● **What needs to be done**
What you return should be the lines of the data containing "Item", each in full.

● **Records supplied**
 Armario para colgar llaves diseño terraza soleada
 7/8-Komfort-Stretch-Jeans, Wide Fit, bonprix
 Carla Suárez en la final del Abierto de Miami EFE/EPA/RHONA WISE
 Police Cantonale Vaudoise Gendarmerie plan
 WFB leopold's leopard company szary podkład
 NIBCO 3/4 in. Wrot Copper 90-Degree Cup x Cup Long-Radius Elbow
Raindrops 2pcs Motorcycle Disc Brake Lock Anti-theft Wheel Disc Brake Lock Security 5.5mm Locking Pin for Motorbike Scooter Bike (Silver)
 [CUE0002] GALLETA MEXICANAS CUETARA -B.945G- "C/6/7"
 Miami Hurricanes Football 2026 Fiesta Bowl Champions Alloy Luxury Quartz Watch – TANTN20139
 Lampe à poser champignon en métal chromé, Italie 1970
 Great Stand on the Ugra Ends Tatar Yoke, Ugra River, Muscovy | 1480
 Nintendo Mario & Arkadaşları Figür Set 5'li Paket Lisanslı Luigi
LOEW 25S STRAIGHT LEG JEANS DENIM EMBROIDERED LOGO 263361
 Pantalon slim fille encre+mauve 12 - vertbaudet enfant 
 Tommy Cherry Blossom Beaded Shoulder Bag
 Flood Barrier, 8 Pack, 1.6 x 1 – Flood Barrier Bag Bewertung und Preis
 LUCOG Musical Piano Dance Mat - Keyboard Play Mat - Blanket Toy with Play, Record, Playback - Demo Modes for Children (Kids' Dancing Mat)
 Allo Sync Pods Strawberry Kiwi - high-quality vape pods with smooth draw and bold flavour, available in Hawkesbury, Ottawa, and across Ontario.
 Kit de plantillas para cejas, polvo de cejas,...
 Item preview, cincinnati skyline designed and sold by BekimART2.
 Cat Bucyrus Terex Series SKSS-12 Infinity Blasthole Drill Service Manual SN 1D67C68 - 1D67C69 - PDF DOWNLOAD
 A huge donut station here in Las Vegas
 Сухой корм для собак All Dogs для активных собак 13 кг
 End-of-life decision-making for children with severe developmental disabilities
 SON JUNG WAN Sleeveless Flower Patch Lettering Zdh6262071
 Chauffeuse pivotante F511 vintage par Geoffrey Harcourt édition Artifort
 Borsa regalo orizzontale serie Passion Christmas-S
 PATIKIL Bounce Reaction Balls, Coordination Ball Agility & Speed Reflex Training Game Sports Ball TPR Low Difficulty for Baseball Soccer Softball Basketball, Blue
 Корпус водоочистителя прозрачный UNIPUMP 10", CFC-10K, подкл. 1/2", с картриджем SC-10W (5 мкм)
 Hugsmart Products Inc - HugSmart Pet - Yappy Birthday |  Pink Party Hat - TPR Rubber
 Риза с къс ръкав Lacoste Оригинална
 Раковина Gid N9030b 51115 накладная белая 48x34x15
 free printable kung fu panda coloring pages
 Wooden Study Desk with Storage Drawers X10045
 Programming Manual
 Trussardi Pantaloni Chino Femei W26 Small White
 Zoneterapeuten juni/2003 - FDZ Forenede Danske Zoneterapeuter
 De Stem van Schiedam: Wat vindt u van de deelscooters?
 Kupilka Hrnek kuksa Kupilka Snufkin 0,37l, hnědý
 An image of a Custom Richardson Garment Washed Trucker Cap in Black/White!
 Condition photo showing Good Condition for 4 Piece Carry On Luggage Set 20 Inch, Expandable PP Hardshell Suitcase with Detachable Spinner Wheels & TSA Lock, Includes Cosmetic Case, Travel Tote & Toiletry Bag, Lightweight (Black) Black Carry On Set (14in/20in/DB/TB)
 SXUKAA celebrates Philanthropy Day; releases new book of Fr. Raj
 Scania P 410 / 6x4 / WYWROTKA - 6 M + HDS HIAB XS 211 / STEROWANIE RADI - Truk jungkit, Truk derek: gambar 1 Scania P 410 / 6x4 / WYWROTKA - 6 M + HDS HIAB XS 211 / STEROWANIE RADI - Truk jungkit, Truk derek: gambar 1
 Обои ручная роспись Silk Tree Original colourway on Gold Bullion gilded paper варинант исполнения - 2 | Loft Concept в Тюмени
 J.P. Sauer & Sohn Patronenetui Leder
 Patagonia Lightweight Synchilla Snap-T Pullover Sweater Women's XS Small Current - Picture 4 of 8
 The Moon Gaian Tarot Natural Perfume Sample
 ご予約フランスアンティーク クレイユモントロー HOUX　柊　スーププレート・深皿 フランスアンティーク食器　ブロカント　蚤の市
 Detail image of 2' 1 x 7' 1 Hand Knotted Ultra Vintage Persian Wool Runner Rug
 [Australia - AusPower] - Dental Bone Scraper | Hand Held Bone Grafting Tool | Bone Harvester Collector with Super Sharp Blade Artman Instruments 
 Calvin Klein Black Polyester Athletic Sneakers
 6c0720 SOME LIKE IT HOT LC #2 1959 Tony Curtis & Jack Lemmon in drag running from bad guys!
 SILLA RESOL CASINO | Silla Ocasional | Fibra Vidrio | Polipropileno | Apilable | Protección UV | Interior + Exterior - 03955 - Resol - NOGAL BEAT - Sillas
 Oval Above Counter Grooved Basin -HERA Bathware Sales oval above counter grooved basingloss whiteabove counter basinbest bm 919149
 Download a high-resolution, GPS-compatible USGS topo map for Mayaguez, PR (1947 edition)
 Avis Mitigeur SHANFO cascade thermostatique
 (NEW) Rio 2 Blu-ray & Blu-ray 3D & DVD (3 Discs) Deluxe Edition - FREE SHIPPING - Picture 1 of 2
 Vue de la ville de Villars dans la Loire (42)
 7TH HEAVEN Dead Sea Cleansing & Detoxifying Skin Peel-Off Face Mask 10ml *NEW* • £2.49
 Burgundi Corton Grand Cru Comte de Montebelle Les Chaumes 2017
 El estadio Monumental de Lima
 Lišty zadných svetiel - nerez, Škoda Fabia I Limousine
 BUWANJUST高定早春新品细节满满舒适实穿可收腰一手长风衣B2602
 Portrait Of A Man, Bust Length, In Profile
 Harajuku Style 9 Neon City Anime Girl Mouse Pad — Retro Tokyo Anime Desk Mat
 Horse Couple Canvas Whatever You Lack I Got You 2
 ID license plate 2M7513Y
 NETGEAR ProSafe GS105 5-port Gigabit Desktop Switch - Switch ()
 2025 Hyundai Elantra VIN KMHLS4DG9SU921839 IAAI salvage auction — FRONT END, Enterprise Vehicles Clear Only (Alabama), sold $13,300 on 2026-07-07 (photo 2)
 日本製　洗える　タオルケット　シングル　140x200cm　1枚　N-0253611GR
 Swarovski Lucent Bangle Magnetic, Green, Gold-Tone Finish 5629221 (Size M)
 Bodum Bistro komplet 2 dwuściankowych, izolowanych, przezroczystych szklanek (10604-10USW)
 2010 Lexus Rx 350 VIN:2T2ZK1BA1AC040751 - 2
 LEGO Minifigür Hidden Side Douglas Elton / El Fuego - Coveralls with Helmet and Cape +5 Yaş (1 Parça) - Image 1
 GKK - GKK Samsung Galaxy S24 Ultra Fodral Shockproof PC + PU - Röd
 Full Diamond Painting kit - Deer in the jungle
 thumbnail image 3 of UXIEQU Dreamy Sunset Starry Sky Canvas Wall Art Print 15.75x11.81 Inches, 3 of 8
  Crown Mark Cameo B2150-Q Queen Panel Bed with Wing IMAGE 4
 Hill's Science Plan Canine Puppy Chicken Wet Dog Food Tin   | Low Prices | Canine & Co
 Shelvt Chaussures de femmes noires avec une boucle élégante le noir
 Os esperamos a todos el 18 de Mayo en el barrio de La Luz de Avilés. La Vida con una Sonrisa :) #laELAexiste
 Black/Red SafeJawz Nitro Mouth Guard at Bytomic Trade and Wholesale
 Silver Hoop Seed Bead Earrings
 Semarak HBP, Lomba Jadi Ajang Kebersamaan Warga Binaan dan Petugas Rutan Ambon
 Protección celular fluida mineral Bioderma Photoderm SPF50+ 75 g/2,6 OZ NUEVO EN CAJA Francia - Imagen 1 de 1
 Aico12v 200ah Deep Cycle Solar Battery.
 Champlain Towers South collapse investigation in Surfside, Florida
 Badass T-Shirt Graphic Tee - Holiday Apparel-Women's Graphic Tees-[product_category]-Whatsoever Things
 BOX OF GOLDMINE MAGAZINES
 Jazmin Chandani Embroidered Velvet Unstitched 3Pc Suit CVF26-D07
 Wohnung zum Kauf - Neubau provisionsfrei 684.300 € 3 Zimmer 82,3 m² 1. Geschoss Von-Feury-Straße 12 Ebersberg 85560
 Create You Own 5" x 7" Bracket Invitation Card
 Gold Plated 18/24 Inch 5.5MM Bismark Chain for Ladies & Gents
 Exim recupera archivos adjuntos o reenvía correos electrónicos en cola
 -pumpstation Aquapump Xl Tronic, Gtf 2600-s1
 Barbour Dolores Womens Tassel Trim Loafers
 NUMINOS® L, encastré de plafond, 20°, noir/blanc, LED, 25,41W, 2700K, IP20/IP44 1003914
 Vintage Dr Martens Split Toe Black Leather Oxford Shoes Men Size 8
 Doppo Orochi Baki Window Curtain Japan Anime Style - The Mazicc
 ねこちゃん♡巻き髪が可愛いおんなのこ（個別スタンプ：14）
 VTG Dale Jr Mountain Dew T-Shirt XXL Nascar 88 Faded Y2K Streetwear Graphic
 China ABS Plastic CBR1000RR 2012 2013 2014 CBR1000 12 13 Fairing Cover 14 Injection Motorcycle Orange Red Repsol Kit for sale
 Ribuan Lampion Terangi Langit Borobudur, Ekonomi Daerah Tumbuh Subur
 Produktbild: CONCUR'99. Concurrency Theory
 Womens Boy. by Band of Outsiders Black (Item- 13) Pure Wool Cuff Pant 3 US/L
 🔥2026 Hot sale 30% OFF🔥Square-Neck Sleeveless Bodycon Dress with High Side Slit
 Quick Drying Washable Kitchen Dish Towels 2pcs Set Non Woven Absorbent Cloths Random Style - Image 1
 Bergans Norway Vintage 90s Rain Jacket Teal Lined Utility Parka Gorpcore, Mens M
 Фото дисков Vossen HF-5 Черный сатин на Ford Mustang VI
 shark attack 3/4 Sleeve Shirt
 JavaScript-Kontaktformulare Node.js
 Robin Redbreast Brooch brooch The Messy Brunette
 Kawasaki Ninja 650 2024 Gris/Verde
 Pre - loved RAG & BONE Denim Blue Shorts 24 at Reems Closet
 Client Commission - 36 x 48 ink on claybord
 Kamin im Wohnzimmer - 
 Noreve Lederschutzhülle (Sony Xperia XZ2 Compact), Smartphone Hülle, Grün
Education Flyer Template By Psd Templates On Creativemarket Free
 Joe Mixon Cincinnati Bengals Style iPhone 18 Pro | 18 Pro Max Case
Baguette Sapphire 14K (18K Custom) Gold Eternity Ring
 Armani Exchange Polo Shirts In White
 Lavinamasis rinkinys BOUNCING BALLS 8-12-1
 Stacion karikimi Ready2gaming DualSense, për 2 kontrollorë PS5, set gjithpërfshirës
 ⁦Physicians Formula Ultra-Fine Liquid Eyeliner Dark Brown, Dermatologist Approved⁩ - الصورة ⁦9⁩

● **Answer to the exercise**
 Item preview, cincinnati skyline designed and sold by BekimART2.
 Womens Boy. by Band of Outsiders Black (Item- 13) Pure Wool Cuff Pant 3 US/L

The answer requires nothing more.